Nella cronaca della terribile notte di terrore in Austria c'è chi dice di aver sentito uno dei terroristi inneggiare al nuovo capo dell'Isis. Presumibilmente a quel Amir Mohammed Abdul Rahman al-Mawli al-Salbi che, secondo l'intelligence, avrebbe preso il posto di Abu Bakr al Baghdadi, ucciso in un raid Usa il 27 ottobre scorso. Il nuovo califfo avrebbe diversi alias tra cui Haj Abdullah, Abu Abdullah al-Qurashi e Abdullah Qardash. Padrino dell'ideologia estremista perseguita dall'organizzazione terrorista, ha una storia nera di abusi e torture, anche contro donne e bambini, in particolare contro la comunità yazidi massacrata durante il breve califfato nel nord dell'Iraq. Con al-Baghdadi avrebbe condiviso la detenzione nel carcere di Camp Bucca nel 2004. Sulla sua testa pende una taglia da 5 milioni di dollari.

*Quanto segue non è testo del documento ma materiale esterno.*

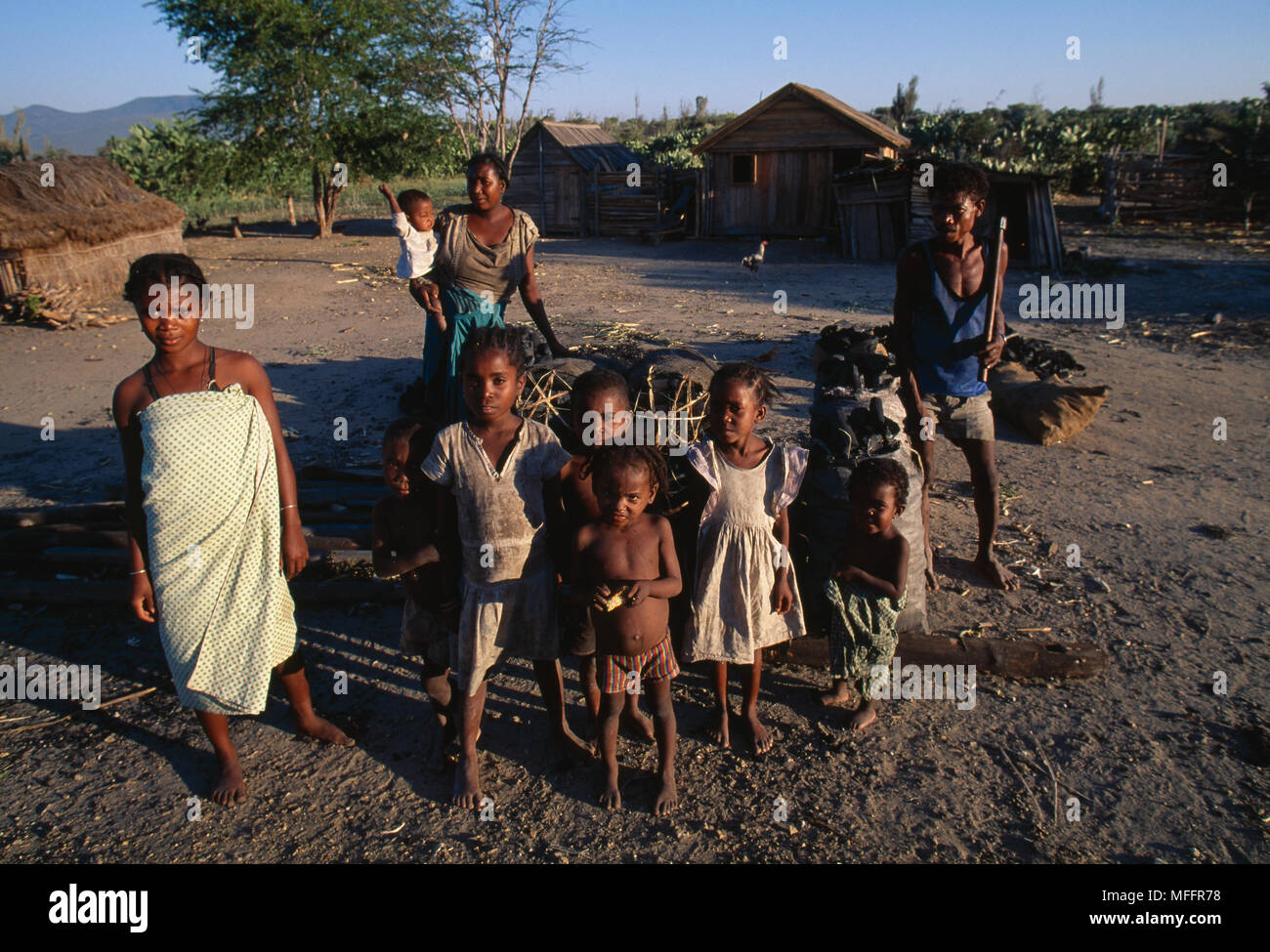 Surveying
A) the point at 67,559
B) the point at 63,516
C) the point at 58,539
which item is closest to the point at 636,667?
the point at 67,559

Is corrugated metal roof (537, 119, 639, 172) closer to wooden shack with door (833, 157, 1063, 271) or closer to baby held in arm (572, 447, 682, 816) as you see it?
wooden shack with door (833, 157, 1063, 271)

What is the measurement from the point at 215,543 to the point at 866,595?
229 cm

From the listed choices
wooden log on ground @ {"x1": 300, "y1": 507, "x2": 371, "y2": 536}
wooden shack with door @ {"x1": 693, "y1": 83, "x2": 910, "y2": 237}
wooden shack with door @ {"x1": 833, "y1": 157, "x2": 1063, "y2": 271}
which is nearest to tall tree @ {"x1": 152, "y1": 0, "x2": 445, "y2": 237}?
wooden shack with door @ {"x1": 693, "y1": 83, "x2": 910, "y2": 237}

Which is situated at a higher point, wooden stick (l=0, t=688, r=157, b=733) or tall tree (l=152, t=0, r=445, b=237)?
tall tree (l=152, t=0, r=445, b=237)

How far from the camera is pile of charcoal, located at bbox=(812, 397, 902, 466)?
343cm

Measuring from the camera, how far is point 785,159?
61.6 feet

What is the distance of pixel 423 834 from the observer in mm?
2523

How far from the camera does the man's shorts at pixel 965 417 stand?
152 inches

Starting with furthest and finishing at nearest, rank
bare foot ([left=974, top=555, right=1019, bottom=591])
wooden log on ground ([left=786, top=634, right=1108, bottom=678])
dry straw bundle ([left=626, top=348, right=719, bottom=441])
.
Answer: bare foot ([left=974, top=555, right=1019, bottom=591]), dry straw bundle ([left=626, top=348, right=719, bottom=441]), wooden log on ground ([left=786, top=634, right=1108, bottom=678])

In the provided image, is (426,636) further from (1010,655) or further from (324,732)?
(1010,655)

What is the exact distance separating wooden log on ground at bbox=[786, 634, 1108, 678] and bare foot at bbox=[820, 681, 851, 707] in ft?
0.95

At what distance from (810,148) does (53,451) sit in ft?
54.7

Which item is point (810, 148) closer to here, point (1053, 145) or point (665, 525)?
point (1053, 145)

Dai lupi solitari, spesso con problemi psichiatrici, si torna, dunque, al commando organizzato. E questo non può che preoccupare l'intera Europa, visto che in Austria un attentato del genere non avveniva da 40 anni. I killer entrati in azione a Vienna, avrebbero scelto luoghi molto frequentati nella serata che precedeva il lockdown. L'obiettivo ancora non è chiaro: c'è chi parla della sinagoga ma, i testimoni raccontano di un terrorista che avrebbe sparato all'impazzata nei locali pubblici. E questo confermerebbe la nuova tendenza dei jihadisti, ovvero colpire la cosiddetta società civile, e anche le chiese e le sinagoghe. A giudicare dalle armi potenti con le quali hanno ucciso, potrebbe essere un commando arrivato dai Balcani, al contrario degli attentatori francesi che hanno scelto i barconi dei migranti per raggiungere l'Europa.

Sul web

Inoltre, secondo quanto riportato dal sito di monitoraggio del fondamentalismo islamico Site, gruppi jihadisti sul web starebbero scrivendo che l'assalto terroristico è una rappresaglia contro la partecipazione austriaca alla coalizione anti-Isis guidata dagli Usa, anche se finora non ci sono rivendicazioni. Il cancelliere Sebastian Kurz non esclude, comunque, il movente antisemita e spiega che «l'attacco era stato preparato in modo molto professionale». L'intelligence monitora con attenzione il web, dove il reclutamento viaggia veloce e poco controllato. Il nuovo jihadista è sempre più giovane e, per questo, riesce molto spesso a mimetizzarsi tra i suoi coetanei, senza destare sospetti.


L'attentatore di Nizza non aveva un curriculum da terrorista e non era stato segnalato dall'intelligence tunisina che, invece, nello stesso periodo aveva indicato 12 jihadisti in arrivo nel nostro paese. Molti di questi sono stati intercettati e rimpatriati a Tunisi. Altri, come Aouissaouia, potrebbero aggirarsi ancora per l'Europa. E non sembra stia servendo a molto anche il registro europeo sull'antiterrorismo, istituito nel 2018, e gestito da Eurojust, come provano i recenti fatti francesi e austriaci. Per questo - il timore degli 007 - è che gli attacchi alla Francia, e quello a Vienna, potrebbero non essere gli ultimi.